Raw data:

►

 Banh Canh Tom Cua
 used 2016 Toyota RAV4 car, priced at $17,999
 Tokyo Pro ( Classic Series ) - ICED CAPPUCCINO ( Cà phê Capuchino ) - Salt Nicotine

◄

Work task: Every line between the one holding "used 2016 Toyota RAV4 car, priced at $17,999" and the end of the listing above, inclusive, must be transcribed exactly; omit all others.

Result:
 used 2016 Toyota RAV4 car, priced at $17,999
 Tokyo Pro ( Classic Series ) - ICED CAPPUCCINO ( Cà phê Capuchino ) - Salt Nicotine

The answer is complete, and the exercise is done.